* WORK REQUEST *
Any images in the material are to be dropped while every line is retyped exactly.

* INPUT DATA *
########
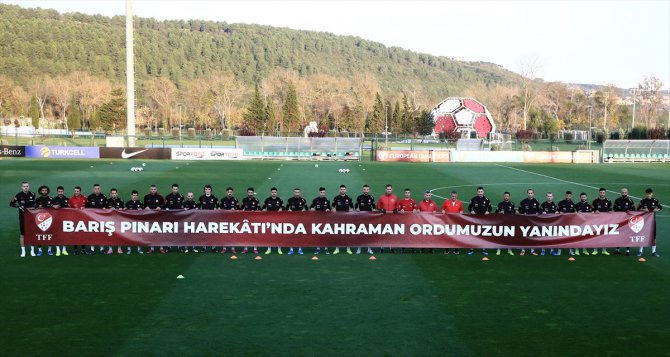 A Milli Futbol Takımı, Arnavutluk maçına hazır
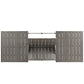 Modway Shore Outdoor Patio Wood Dining Table - Silver Gray | Dining Tables | Modishstore-3
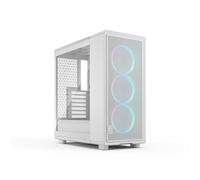 Fractal Design Epoch White RGB - Tempered Glass Clear Tint- High Airflow PC Gaming Case - Mesh Front Panel - Three Momentum 12 RGB Fans Included - Spacious Interior - ATX/mATX/ITX Support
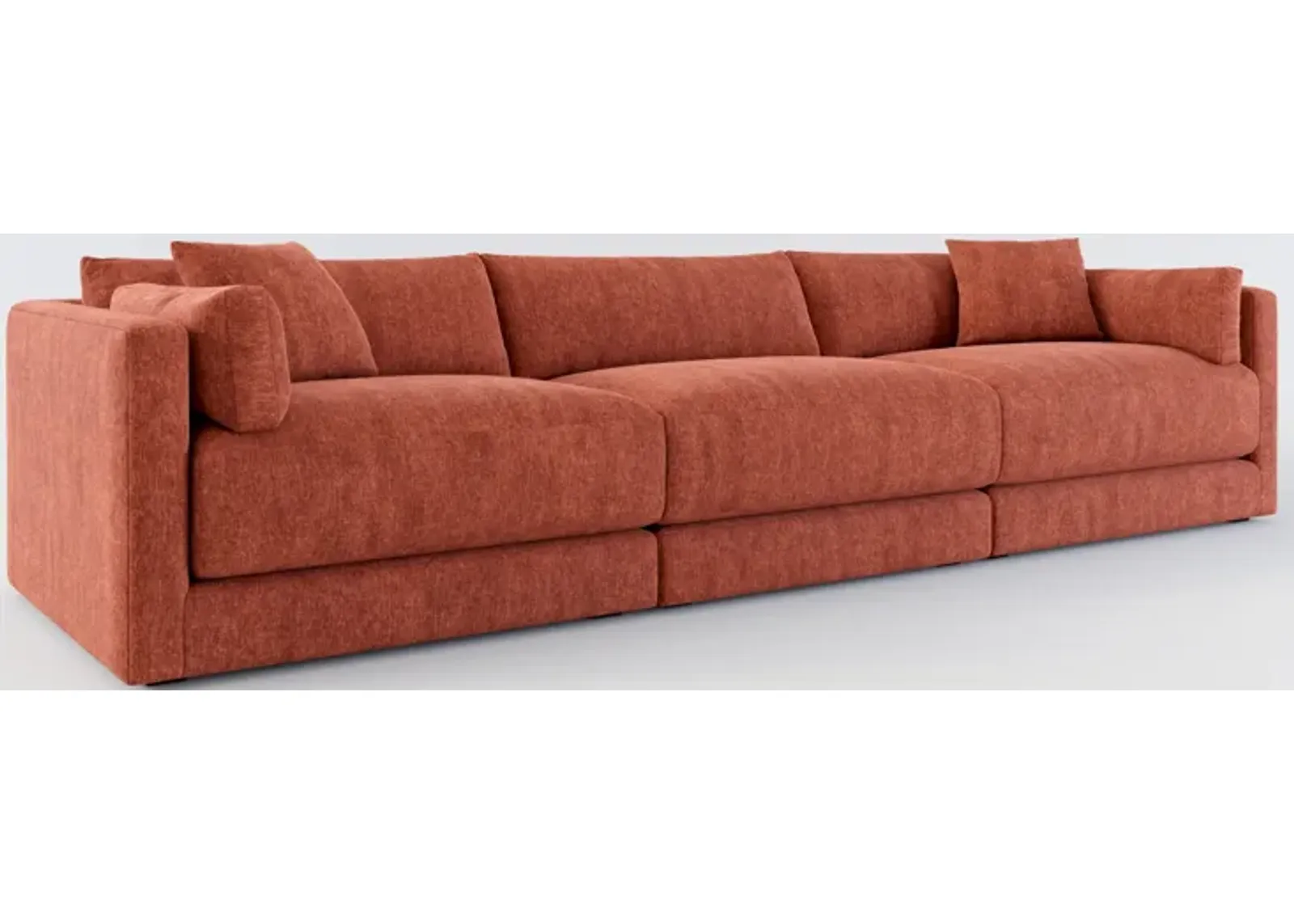 Malibu 3-Piece Sofa - Contessa Paprika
########
* OUTPUT FOR THIS EXERCISE *
 A Milli Futbol Takımı, Arnavutluk maçına hazır
 Modway Shore Outdoor Patio Wood Dining Table - Silver Gray | Dining Tables | Modishstore-3
 Fractal Design Epoch White RGB - Tempered Glass Clear Tint- High Airflow PC Gaming Case - Mesh Front Panel - Three Momentum 12 RGB Fans Included - Spacious Interior - ATX/mATX/ITX Support
 Malibu 3-Piece Sofa - Contessa Paprika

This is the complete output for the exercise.